Boston, MA 10/14/2013 (wallstreetpr) – The biggest U.S. specialty- apparel dealer, The Gap Inc. (NYSE:GPS)) announced that same-store sales declined by 3%. This value had been estimated to be on the profit side by 1.8% according to most of the analysts. In the estimate for the September same-store sales, what perhaps the analysts missed out was the insufficiency of new products and a major factor which led customers to refrain from indulging- the messy economic conditions. Other U.S. retailers who reported similar issues include L Brands too.
The retailers market a lower sale than they had expected. The reasons behind this declining urge in shopping of the Americans are seen by retailers as a result of the Government shutdown which was witnessed on Oct 1 this year. This had been the first such event in the U.S. Levied with higher taxes and insecurity relating to the implementation of the Affordable Care Act, the people are forced to shy away from spending.

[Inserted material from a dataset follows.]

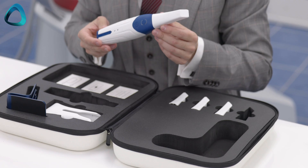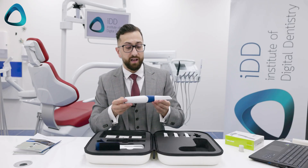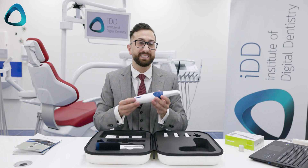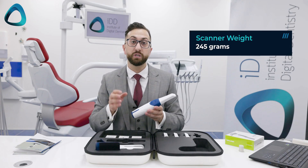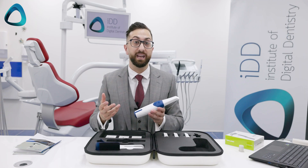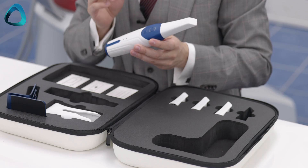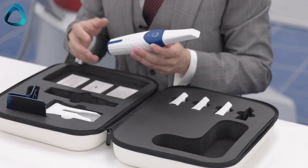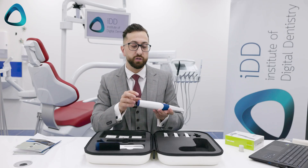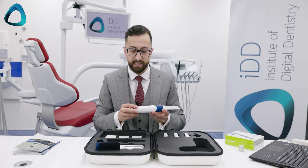This is basically the scanner in all its glory. As you can see, it's quite small and quite lightweight. It weighs exactly 245 grams, which makes it one of the lightest wireless scanners on the market. It is a bit heavier than the AS100, which was around 198 grams, but obviously it's going to be heavier because of all the wireless technology inside.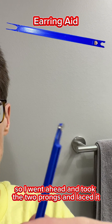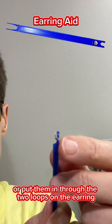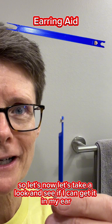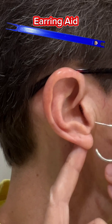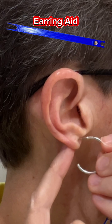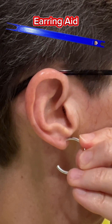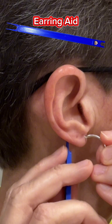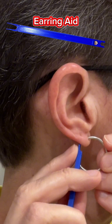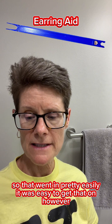I went ahead and took the two prongs and put them through the two loops on the earring. Let's see if I can get it in my ear and see how that goes. So that went in pretty easily — it was easy to get on.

Another possible reason for the retailers’ disappointment was the warmer than usual month of September. It can be so that the customers have not really been on the lookout for warm clothes including jeans and sweaters on account of the warmer and even wetter September.
Analyzing the situation, and considering all the possibilities of a lower than expected sales, a New-York based analyst concluded that the ongoing promotions which feature a lack of newness results in lesser foot fall in even otherwise busy malls. And this together with an unfavorable weather is sure to be a disappointment for retailers who are all geared up to sell their seasonable products. To combat this, some retailers even offered discounts as huge as 40% starting from as high as 25%.
Despite all the efforts by same-store retailers, the results were not very happy. While shares of the San-Francisco based Gap fell by almost 6.7%, those of L Brands fell by 0.5%.